I have biases which you should probably be aware of.

  1. I weight communications issues more heavily than some do, because I am usually thinking in terms of security, and taking a sane approach to disclosure. This is often about how well communications works, and timeliness.
  2. Many bugs can fall into a security context, for reasons that may not be readily apparent. Failure of some Linux update mechanisms in terms of alerting on rpm.new/.save files is a pet peeve, as is maintaining performance.

This is about that second point -- maintaining performance. I have another bias there -- if I didn't do security, I would do perf. It's the next most interesting problem. The high-frequency trading community is running without firewalls. Some turn SELinux off not due to usability concerns, but because characterizing perf impacts is difficult. Some run Remote DMA over converged Ethernet (RoCE) for the performance pop without considering the security implications of bypassing defenses built into the kernel.

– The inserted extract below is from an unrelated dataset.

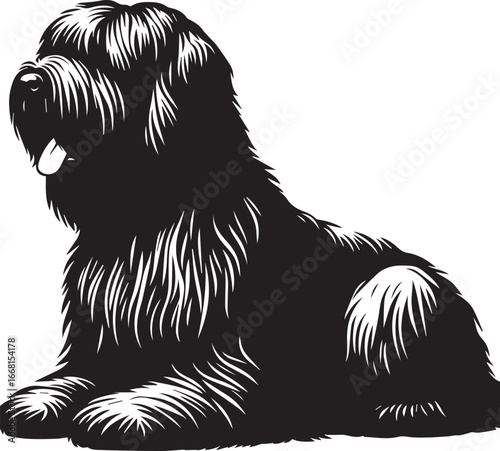 Briard Dog vector in black and white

There are a lot of interesting behaviors out there, and not all are well-considered. The last thing we should be doing is making it difficult to easily explore the performance impacts of things we might recommend. That's a recipe for losing all credibility, and becoming part of the problem.

I've recently destroyed the lab (again), because 2016 is coming up fast, and I wanted a first cut on what the hardware budget should look like. One of the things I wanted to explore is the overhead of rapidly spawning a lot of processes. Likely the last time I would do such a thing, for a couple of reasons.

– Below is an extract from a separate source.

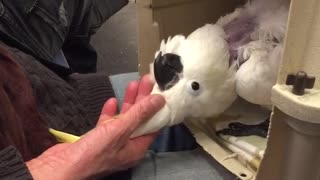 Petting white bird yellow top out of cage laying on back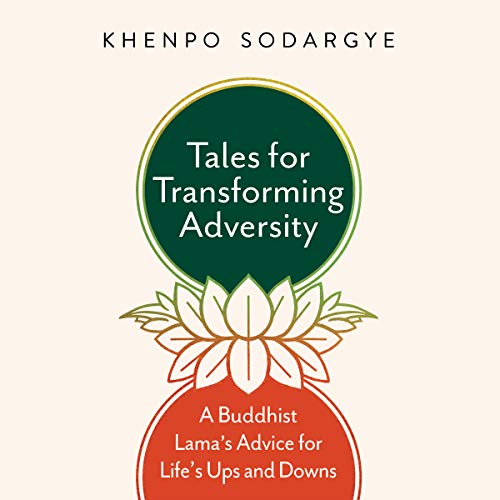 Cover of Tales for Transforming Adversity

  1. Amazon AWS probably makes more financial sense than tearing up the lab, though reproducible research is a concern. But Amazon is only one vendor.
  2. 'a lot of processes' is subjective, and relevance is entirely dependent on your *aaS (Infrastucture, Platform, etc., as a Service), your existing or contemplated local/cloud/hybrid security posture, etc.

Given the large number of possible deployment scenarios in modern infrastructure, it would be really nice if even the basics of performance tools were reliable. Nicer still if one could have some confidence that 'bleeding edge' Linux distributions could give us a preview of coming attractions, as used to be the case. Sadly, this is much less the case than it used to be.

In the case of Fedora and the rest of the Red Hat family, it goes beyond default file systems. I could go on about that, but this is about performance testing. So, well past time that I circled back to https://bugzilla.redhat.com/process_bug.cgi (login required), and spawning processes. That submission, for those who do not have a Red Hat Bugzilla account, reads as follows.

Description of problem: /usr/bin/free -s fails for floating-point and integers.

Version-Release number of selected component (if applicable):
3.3.10-5

How reproducible: Always.

Steps to Reproduce:
1. /usr/bin/free -s 1
free: seconds argument `1' failed

2. /usr/bin/free -c 1
works

3. /usr/bin/free -s 1 -c 1
free: seconds argument `1' failed

4. /usr/bin/free -c 1 -s 1
works

Actual results: As above. Verified that c > 1 work, when -c works at all.

Expected results: Functional continuous results from /usr/bin/free, and agreement between man page and program output. From man:
-c, --count count
Display the result count times. Requires the -s option.
-s, --seconds seconds
Continuously display the result delay seconds apart. You may actually specify any floating point number for delay, usleep(3) is used for microsecond resolution delay times.

Currently, it is -s that requires -c. Which is perverse if one wants to use free as a rough and ready means of tracking memory usage as several processes are started, and the time required to do that is unknown. Nor should order of specifying -c and -s matter, which would be a usability bug.

Additional info: Discovered this while attempting to use '-s 0.1', and discovering that even integers did not work.